Regardless of how much I'd love to post nonstop field reports on well-earned harvests at this time of year, we should really take a break now and then to discuss the world beyond the woods. President-elect Obama's selection of U.S. Senator Ken Salazar of Colorado as his Secretary of the Interior seems like one of those times.
Salazar is a controversial choice. According to this New York Times story, his record drew, "mixed reviews from environmental groups on Wednesday, but cautious praise from energy and mining interests."
On one side are executives such as Marc Smith of the Independent Petroleum Association of Mountain States, who said in a statement, “We are pleased that the president-elect has chosen someone who understands that there is a direct connection between federal lands and access to affordable, clean natural gas."

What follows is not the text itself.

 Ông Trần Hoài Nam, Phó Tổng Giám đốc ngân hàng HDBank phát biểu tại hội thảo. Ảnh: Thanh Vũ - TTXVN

On the other side are opinions such as that of Daniel R. Patterson, a former official of the Interior Department’s Bureau of Land Management, who is now southwest regional director of Public Employees for Environmental Responsibility. Patterson stated that, "Salazar has a disturbingly weak conservation record, particularly on energy development, global warming, endangered wildlife and protecting scientific integrity.”
Wearing his usual ten-gallon hat during Wednesday's news conference, Salazar said that his job would include not just the development of green energy like wind, the Times story said, but also, "the continued domestic development of coal, oil and natural gas, [and] fossil fuels that generate heat-trapping gases when they are burned."
It's a fine line between energy development and habitat protection, and I can only hope the most talented, experienced, well-informed and forward-thinking candidate has been chosen to walk it. -K.H.